GFCI question

Just finished an inspection on a home built in '91. The bathrooms both have countertop receptacles - and are on the same circuit as the GFCI in the garage. If the bathroom outlet trips, you have to go to the garage GFCI and reset it. Is this acceptable?

I think it is permitted but that doesn’t make it “best practice”.
At least your in FL where the garage floors stay warm.
No worse than using a GFCI breaker in the distribution panel which is also allowed.

Are you talking about todays wiring…no it is not permitted since 1996…but then again if the home is prior to that time frame it is really something that is not retroactive…you cant turn BACK the code…

As long as it is GFCI protected I would not worry about it to be honest with you…but today it simply can’t be done that way.

Thanks for clarifying the appropriate dates Paul.

I almost thought you were inspecting my house. That is exactly how mine is set up. My home was built in 1992.

We had a power outage a year ago that tripped the GFCI…I went all over the house checking all the GFCIs before remembering there was one in the garage and, yup…that was the right GFCI for the bathroom outlets.

I wholeheartledly believe we should be identifying what outlets are supported by what GFCI for our clients.
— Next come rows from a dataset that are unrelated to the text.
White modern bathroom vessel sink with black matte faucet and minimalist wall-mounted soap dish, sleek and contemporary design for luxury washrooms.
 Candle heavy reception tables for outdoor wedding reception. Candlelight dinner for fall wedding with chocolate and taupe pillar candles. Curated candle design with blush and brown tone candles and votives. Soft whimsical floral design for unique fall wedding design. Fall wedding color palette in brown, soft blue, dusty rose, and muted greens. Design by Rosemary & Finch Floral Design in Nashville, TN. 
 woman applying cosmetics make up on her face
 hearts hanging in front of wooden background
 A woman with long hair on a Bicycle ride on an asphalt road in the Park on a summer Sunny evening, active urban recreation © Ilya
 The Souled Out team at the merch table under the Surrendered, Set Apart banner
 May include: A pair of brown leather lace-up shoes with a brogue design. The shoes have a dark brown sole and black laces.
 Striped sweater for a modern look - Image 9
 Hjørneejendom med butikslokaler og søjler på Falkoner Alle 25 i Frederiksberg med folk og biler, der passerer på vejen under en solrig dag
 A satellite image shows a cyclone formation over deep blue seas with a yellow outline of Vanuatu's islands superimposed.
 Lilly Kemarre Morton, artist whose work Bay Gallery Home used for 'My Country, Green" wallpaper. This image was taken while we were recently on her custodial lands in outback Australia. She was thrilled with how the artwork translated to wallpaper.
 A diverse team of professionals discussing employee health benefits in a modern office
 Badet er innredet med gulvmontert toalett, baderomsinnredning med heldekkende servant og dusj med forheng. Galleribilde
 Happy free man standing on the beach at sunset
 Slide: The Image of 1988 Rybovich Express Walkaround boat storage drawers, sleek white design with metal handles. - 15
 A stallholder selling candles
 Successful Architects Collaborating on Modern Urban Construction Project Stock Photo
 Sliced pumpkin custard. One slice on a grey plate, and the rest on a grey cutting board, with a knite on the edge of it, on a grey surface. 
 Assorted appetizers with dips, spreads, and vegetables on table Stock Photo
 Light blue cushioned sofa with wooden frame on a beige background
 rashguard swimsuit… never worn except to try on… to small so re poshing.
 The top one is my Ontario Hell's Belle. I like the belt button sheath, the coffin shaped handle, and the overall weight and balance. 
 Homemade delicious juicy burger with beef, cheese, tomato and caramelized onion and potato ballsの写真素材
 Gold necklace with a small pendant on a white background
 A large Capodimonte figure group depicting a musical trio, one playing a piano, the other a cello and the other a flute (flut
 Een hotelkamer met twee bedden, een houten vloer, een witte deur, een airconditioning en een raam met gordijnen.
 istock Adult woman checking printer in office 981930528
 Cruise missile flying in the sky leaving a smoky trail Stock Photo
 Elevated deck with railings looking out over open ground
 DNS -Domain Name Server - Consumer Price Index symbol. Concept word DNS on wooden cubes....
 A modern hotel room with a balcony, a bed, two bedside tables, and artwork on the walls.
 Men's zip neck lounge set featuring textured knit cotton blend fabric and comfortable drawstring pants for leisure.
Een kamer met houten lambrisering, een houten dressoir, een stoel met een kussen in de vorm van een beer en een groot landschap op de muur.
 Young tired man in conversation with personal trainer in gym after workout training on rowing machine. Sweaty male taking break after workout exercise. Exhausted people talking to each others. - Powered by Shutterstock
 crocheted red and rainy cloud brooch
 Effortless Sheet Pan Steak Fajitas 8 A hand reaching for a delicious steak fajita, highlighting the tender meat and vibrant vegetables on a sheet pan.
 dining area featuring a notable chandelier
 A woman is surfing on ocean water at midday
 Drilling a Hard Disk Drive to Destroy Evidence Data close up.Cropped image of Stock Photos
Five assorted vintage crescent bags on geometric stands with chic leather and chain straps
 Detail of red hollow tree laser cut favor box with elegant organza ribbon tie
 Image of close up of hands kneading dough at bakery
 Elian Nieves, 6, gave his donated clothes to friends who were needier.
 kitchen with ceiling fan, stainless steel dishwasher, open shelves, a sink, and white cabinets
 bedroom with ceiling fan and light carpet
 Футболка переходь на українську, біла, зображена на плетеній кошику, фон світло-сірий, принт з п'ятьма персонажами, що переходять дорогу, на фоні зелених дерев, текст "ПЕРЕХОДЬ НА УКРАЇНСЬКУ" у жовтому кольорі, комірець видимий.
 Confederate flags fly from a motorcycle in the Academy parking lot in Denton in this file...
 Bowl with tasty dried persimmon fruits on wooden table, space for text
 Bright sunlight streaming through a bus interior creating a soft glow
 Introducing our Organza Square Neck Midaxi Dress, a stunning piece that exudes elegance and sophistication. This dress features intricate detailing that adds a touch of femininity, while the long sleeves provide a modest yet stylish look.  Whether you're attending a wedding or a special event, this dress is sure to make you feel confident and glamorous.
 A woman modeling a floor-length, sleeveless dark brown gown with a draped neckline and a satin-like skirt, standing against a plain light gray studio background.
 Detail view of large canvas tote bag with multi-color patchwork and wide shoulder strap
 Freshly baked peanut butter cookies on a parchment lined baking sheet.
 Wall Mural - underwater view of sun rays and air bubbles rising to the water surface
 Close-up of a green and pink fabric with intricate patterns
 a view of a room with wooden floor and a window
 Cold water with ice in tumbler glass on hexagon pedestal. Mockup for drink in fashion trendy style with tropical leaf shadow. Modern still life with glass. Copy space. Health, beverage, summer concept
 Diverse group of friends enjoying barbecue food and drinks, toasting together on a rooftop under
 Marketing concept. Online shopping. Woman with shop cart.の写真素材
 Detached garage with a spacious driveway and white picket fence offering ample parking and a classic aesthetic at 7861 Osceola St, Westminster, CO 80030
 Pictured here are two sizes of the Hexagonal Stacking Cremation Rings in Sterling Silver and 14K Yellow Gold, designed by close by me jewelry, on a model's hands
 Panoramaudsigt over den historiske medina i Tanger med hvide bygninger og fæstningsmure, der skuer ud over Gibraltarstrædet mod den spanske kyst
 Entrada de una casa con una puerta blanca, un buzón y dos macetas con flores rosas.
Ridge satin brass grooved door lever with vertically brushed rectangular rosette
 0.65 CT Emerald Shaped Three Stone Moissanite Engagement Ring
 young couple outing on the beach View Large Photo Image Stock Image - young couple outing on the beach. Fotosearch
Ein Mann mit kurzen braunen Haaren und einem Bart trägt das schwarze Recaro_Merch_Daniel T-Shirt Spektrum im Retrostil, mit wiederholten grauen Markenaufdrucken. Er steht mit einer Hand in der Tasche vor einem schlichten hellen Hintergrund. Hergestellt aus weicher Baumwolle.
I’m not worried about it, but I did mention it to the client. He is a retired plumber, and his son is an electrician. I’m going to write it up as acceptable prior to 1996, but not the recommended practice today. He said he wasn’t too thrilled with it, and would have his son fix it. I told him I was more concerned that there was a GFCI, and he knew where to reset it! He agreed.
Thanks for the help.

I typically write it up as nuisance design installation.
My friends in the Electrical industry tell me they usually design the GFCI circuitry as follows-

Kitchen Area / Min.of 2 circuits, resetable within the area
Bath(s)/ 1 circuit, resetable, w/ max.3 extensions or individual, resetable within each bath
Exterior(s)/ 1 circuit, resetable, w/ max.3 extensions or individual, resetable at each waterproof location
Garage/Basement/ 1 circuit, resetable in each location (extensions within, optional)
Other Area(s)/ as design requires

These are design standards in our area(s). NEC and/or local codes can/will override.